The menu, designed by Poiarkoff with consultation from Ruiz, seeks to strike a balance between classic Uruguayan techniques and the American palate, taking into account sourcing limitations. “We wanted to work with local farmers as well,” Ruiz says. “That is a whole challenge to get what we need every week from one supplier compared to a distribution company.”

The latest menu at Embers includes ancho- and honey-barbecue tossed St. Louis ribs ($21), dry-rubbed wings served with salsa verde ($18), and charred mixed vegetables ($11). Perhaps most authentically Uruguayan, the shaved leg of lamb is served with house-made chimichurri ($22). Three variations of grilled flatbread pizzas take their leave of South America to offer flavor profiles like prosciutto, stracciatella, confit tomatoes, and pesto ($18); or eggplant, ricotta, Bartlett House hot honey, mint, and marigold ($17). Dishes are small, served tapas-style and meant to be shared. (Ruiz recommends ordering four plates for three people.)

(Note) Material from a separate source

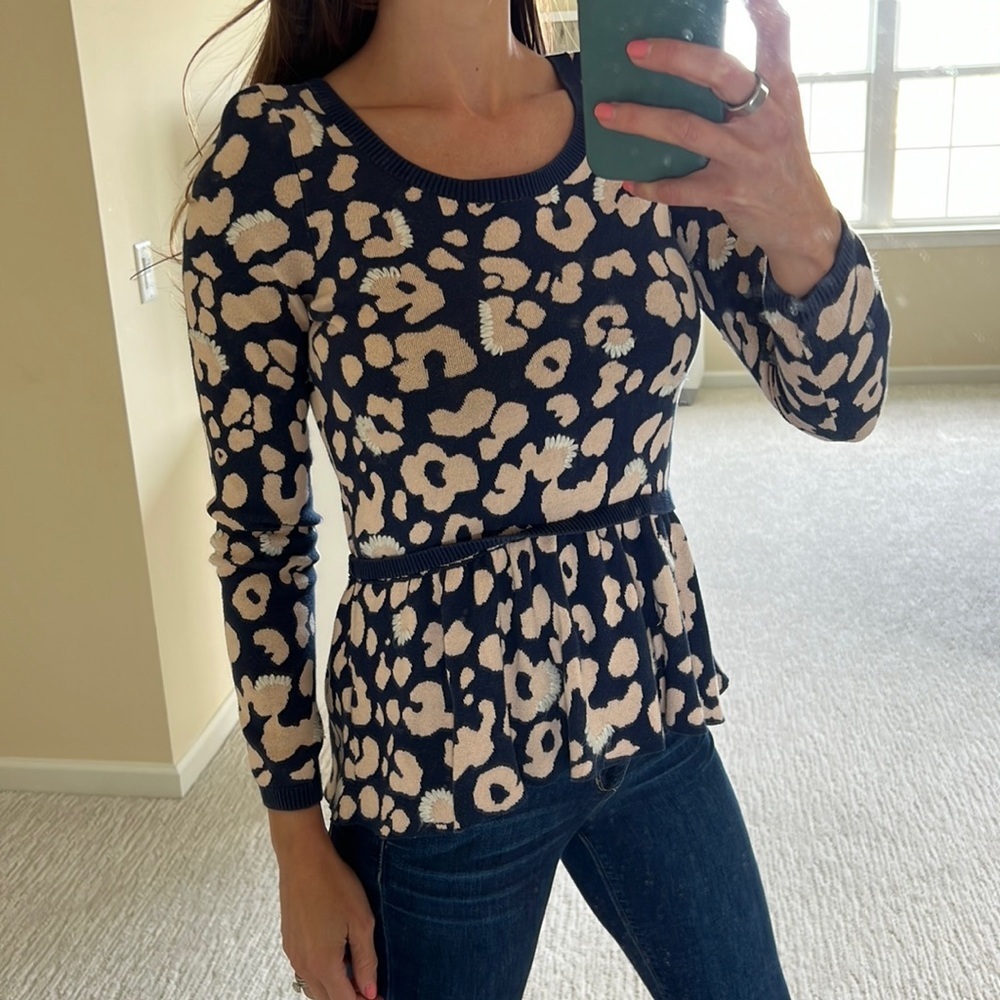 Anthropologie moth Brand peplum 3/4 sleeve sweater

The specials are where Ruiz gets to showcase a bit of South American flare. Recent offerings included choripan, a common street food with a grilled chorizo sausage served on a bun; asado banderita, short ribs; grilled fish; and a whole pig cooked in his dome grill. “It’s not fast food, but we take things off the grill really fast,” Ruiz says. “We have picnic tables and lawn games—it’s very casual.”

And of course, there is wine by the glass to go with your meal—a torrontes and a malbec, both from Argentina ($10 and $12 respectively), plus a rosé from Aix-en-Provence ($12). There’s also beer and cider by the can, and a range of mocktails.

Not one to sit around, Ruiz also recently entered his grills in a Cairo barbecue competition alongside his blacksmith, and they took home the first- and second-place prizes. He’s also cooking up his next hospitality project for Uruguay. “We wanted to turn our property into a venue. Suddenly all the things moved in a different direction. Suddenly I’m trying to sell grills and cook on grills,” Ruiz says. “You have to work around where the opportunities are. I don't have another career besides being a police officer. I'm trying to get into this world and not just be a cook making $20 an hour. That’s very decent, but I’m trying to scale.”

With an entrepreneurial streak like that, he’s not likely to stay in one place long, but every Saturday and Sunday, 12-8pm, through October, you can find him on the lawn at Bartlett House in Ghent running the grills.